Ausgrabungen 30 Kilometer südlich von Haifa, durchgeführt von einem internationalen Archäologen-Team unter der Leitung des Leon Recanati-Institutes für Maritime Studien (RIMS), konnten anhand einer Schicht aus Sand und Meeresmuscheln die Zerstörung des spätbronzezeitlichen Tel Dors durch eine gewaltige Flutwelle belegen. Die gewaltigen Wassermassen ergossen sich stellenweise bis zu 3,5 Kilometer ins Landesinnere, die Flutwelle muss den Meeresarchäologen zufolge zwischen 16 und 40 Meter hoch gewesen sein.
Diese Naturkatastrophe, die sich basierend auf Datierungen der Fundstücke zwischen der Früh- und Spätsteinzeitlichen kulturellen Periode zugetragen haben muss, könnte erklären, warum vorherige archäologische Untersuchungen der Region um Tel Dor auf keinerlei Siedlungsspuren aus der Zeit vor der Spätsteinzeit gestoßen sind.
Ein Tsunami je Jahrhundert
Gemäß RIMS lassen historische Aufzeichnungen und die Auswertung geographischer Daten folgenden alarmierenden Rückschluss zu: In den vergangenen 6.000 Jahren hat sich in jedem Jahrhundert ein Tsunami im östlichen Mittelmeerraum ereignet.
Das jüngste kleinere Erdbeben suchte den Norden Israels am 1. Mai 2022 heim.
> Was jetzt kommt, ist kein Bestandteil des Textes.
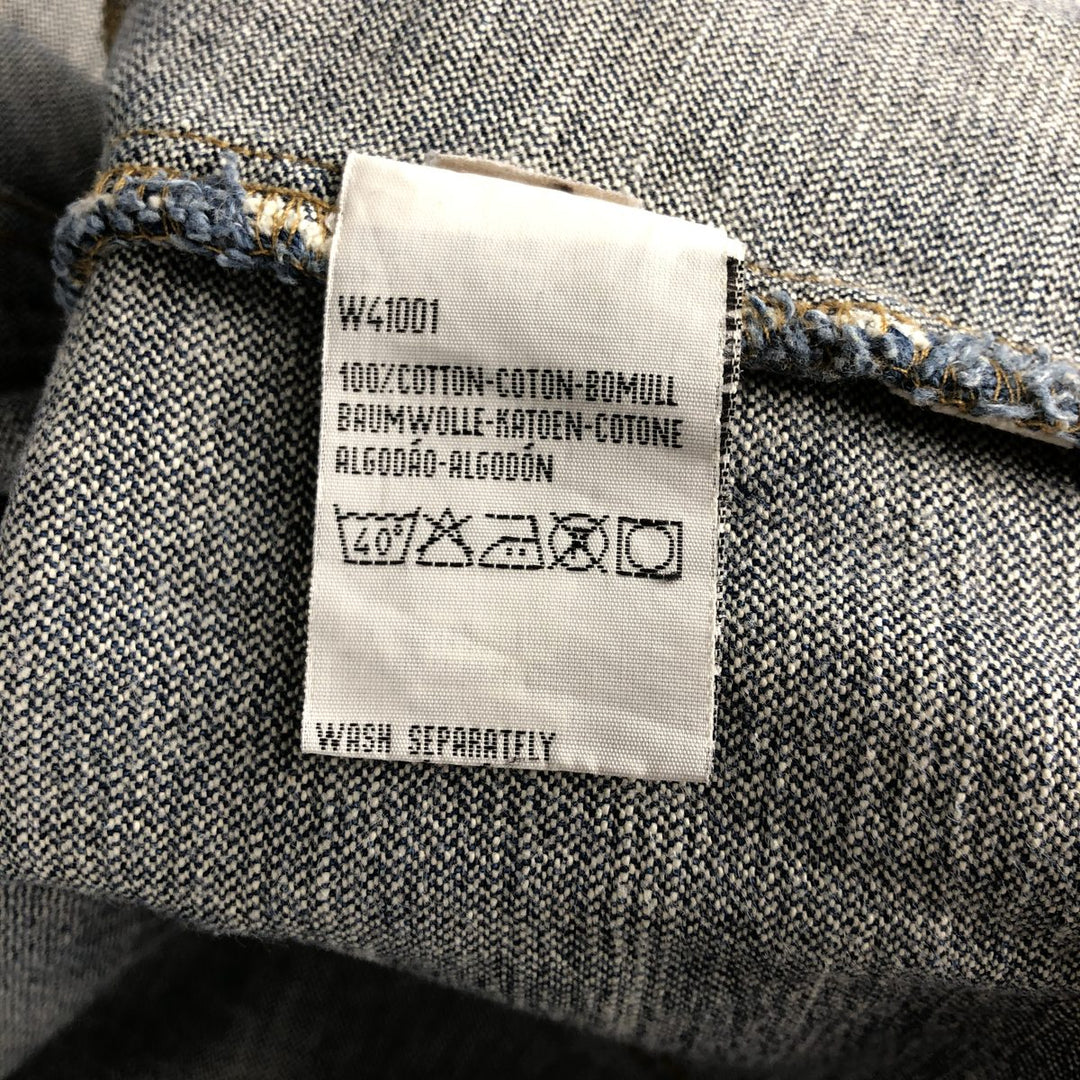 1970'S Wrangler Authentic Western Denim Jacket, Men's Size XL (approx.), Vintage, Black Tag cotton blue type Vintage Second Hand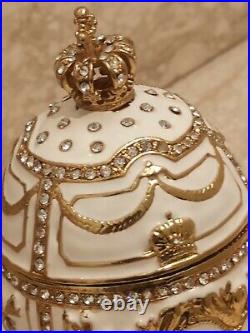Stunning Handmade White Faberge Egg Royal Fabergé Egg Russian Faberge HMDE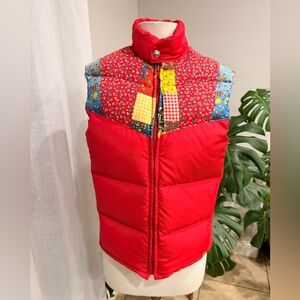 Vintage 70s Liberty Bell Patchwork Puffer Vest – Red Quilted Western Cottagecore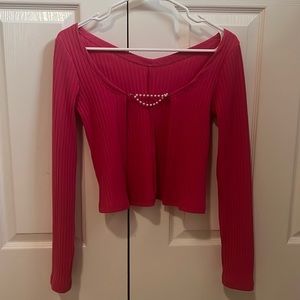 Hot pink front tie cardigan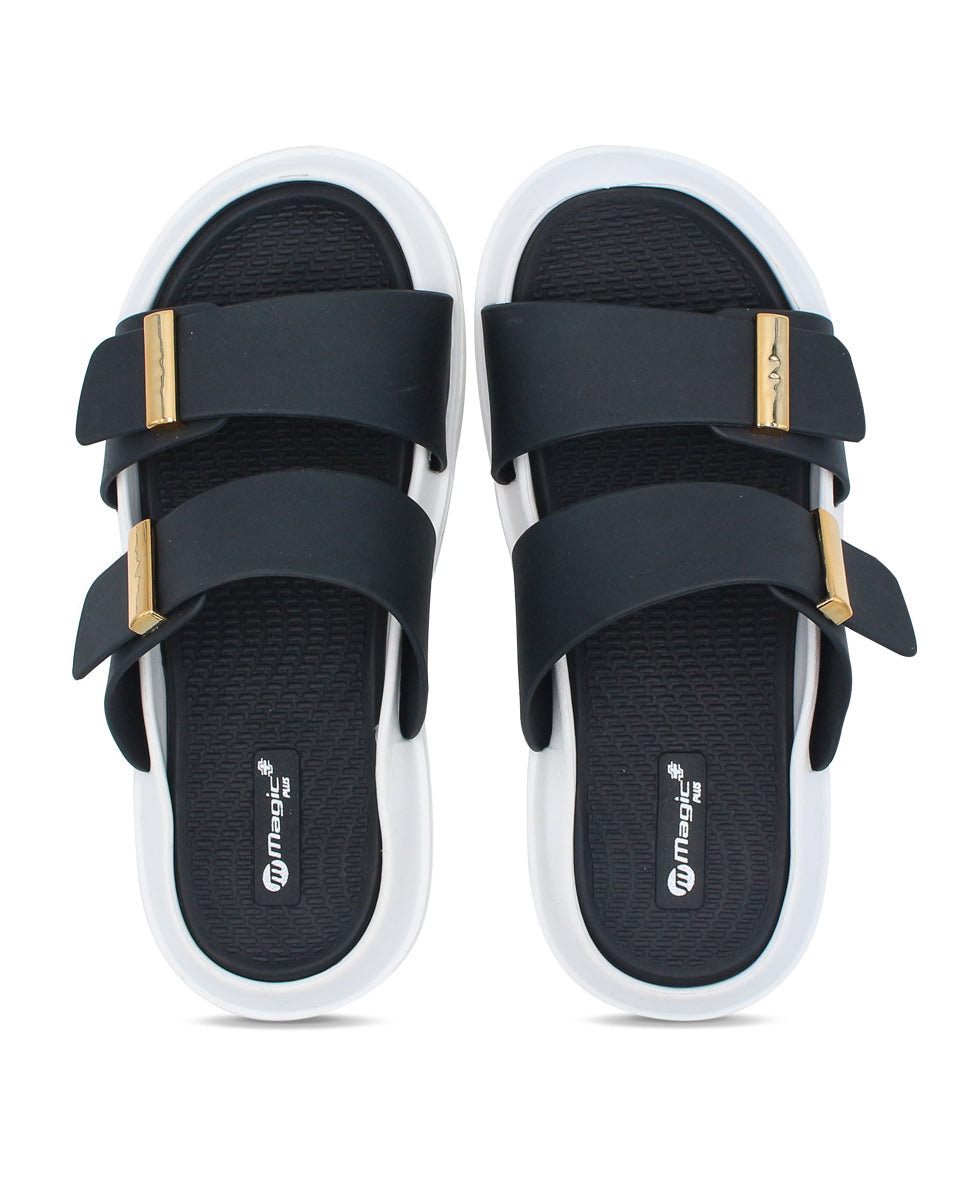 DOCTOR SOLE women's black double strap comfort slides with metallic accents and cushioned lightweight sole.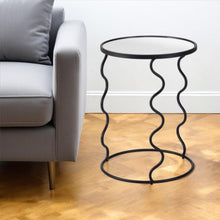 Load image into Gallery viewer, 24" Mirro Glass And Steel Round Abstract End Table - Black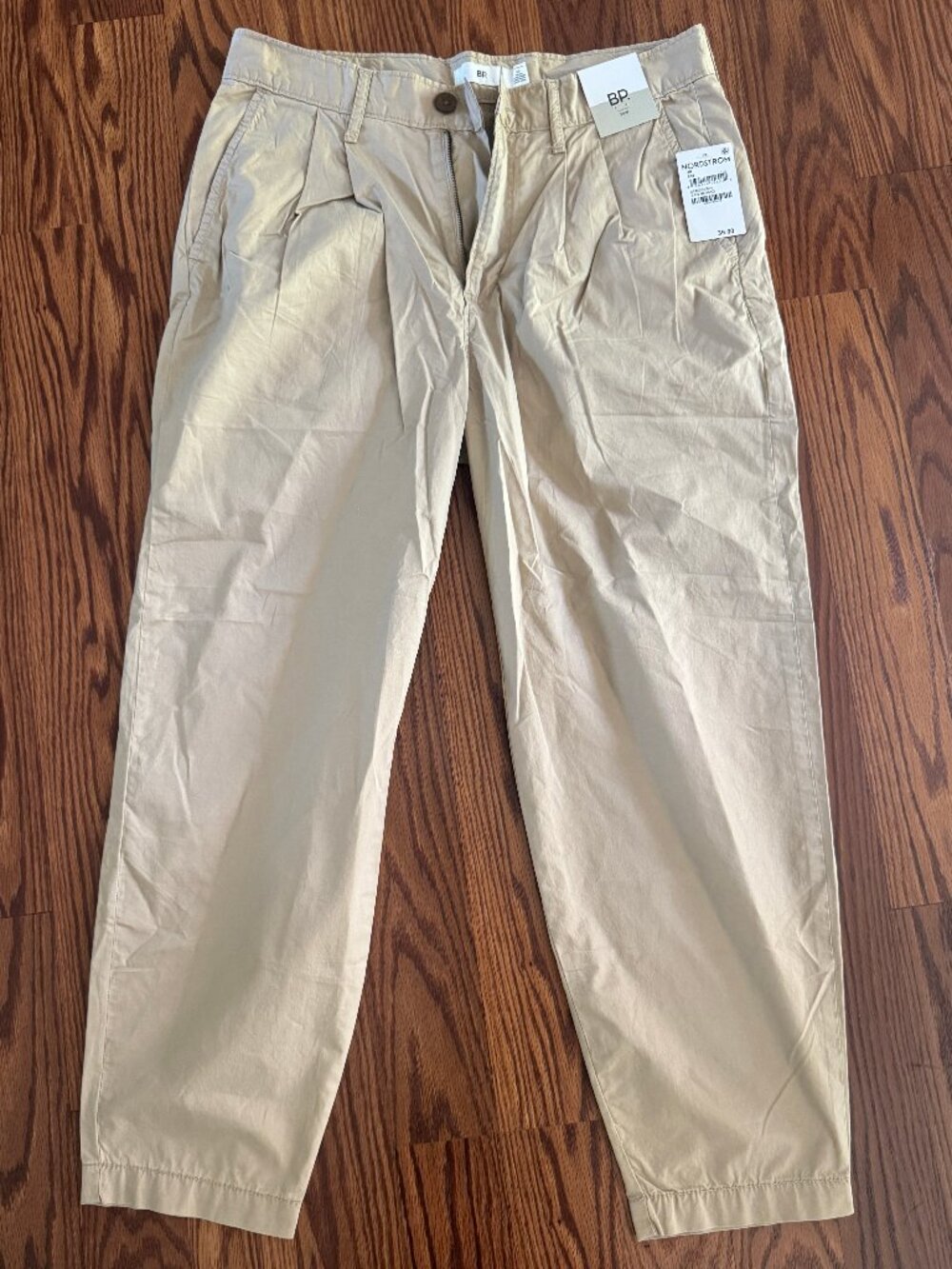 BP Womens 30W Tan Nomad Pleated Summer Chino Pants Cropped Tapered Ankle NWT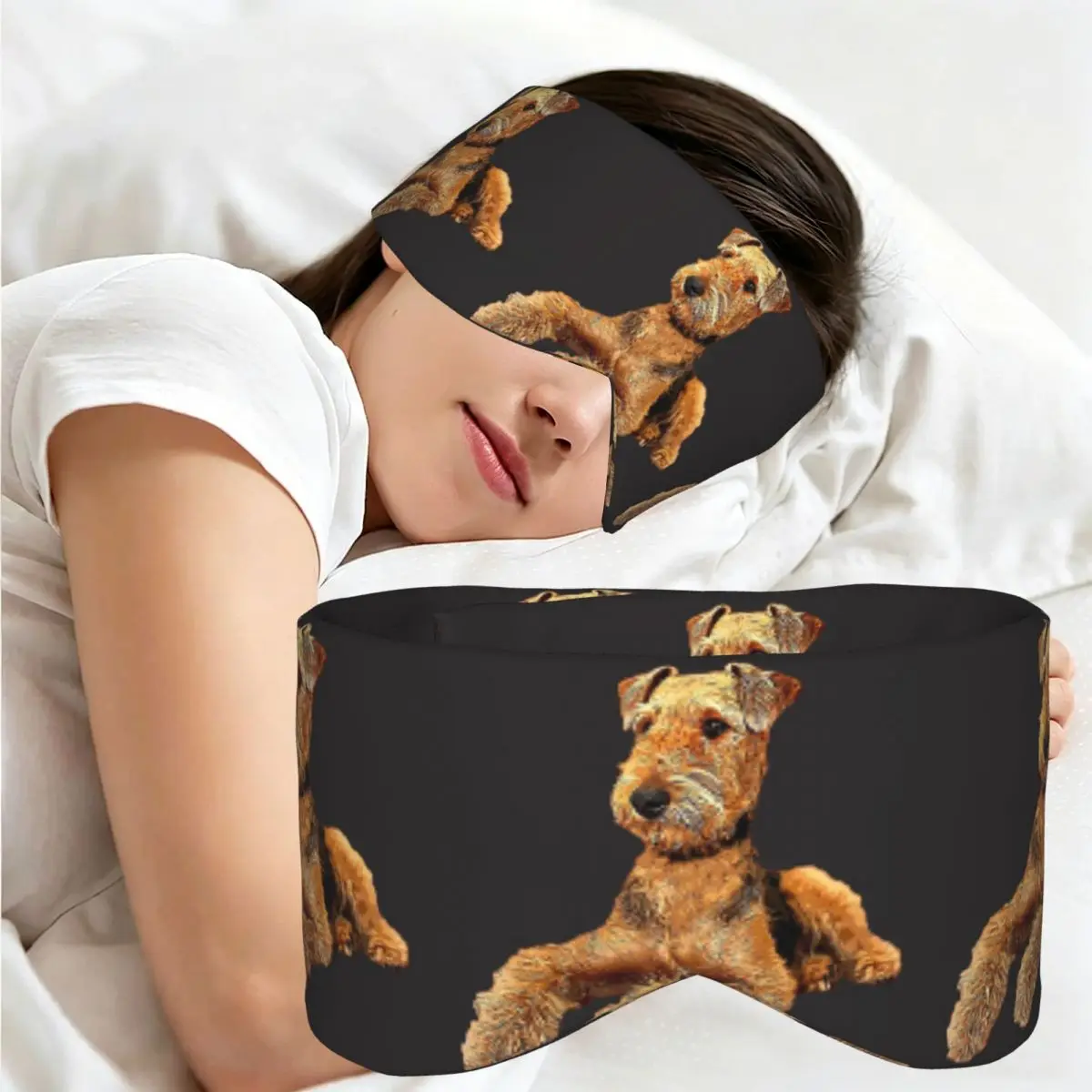 Airedale Terrier Beautiful Dog sleep eye mask Light Blocking Portable Eye Cover for Girls Boys Travel Party Eyeshade eyepatch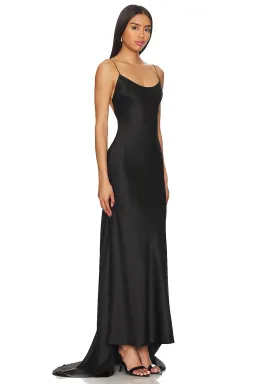 Michael Lo Sordo Scoop Back Slip Maxi Dress Black Size 10 for rent on The Volte - image 2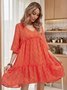 Red V Neck Cotton-Blend Swing Short Sleeve Weaving Dress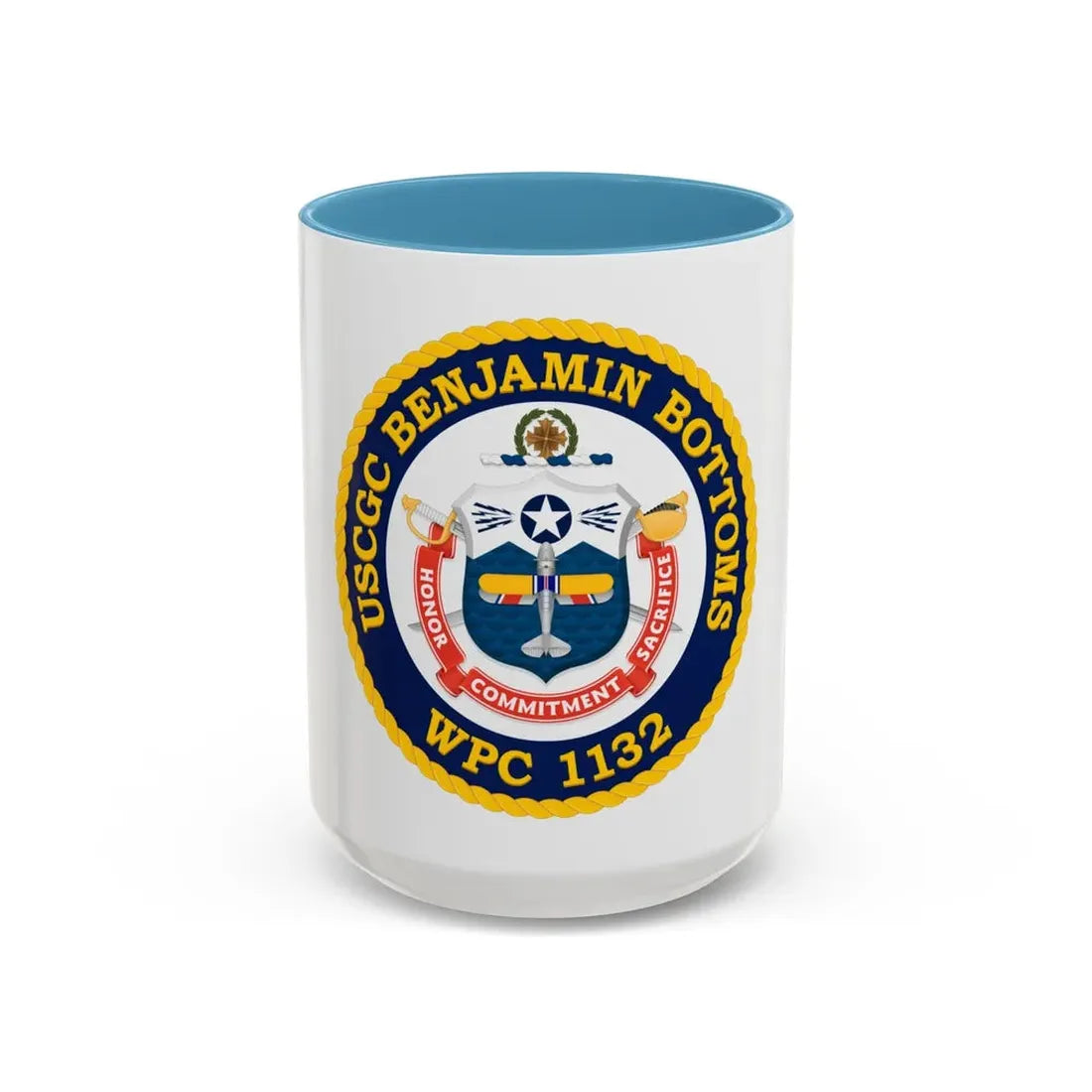 USCGC Benjamin Bottoms WPC 1132 (U.S. Coast Guard) Accent Coffee Mug 15oz Light Blue - Go Mug Yourself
Sein Epizentrum war 100 Kilometer westlich im Mittelmeer. Seit geraumer Zeit werden in Israel Zivilschutzübungen durchgeführt. Sie sollen die einheimische Bevölkerung für das Tsunami-Risiko sensibilisieren, denn ein erneuter Tsunami ist womöglich nur eine Frage der Zeit.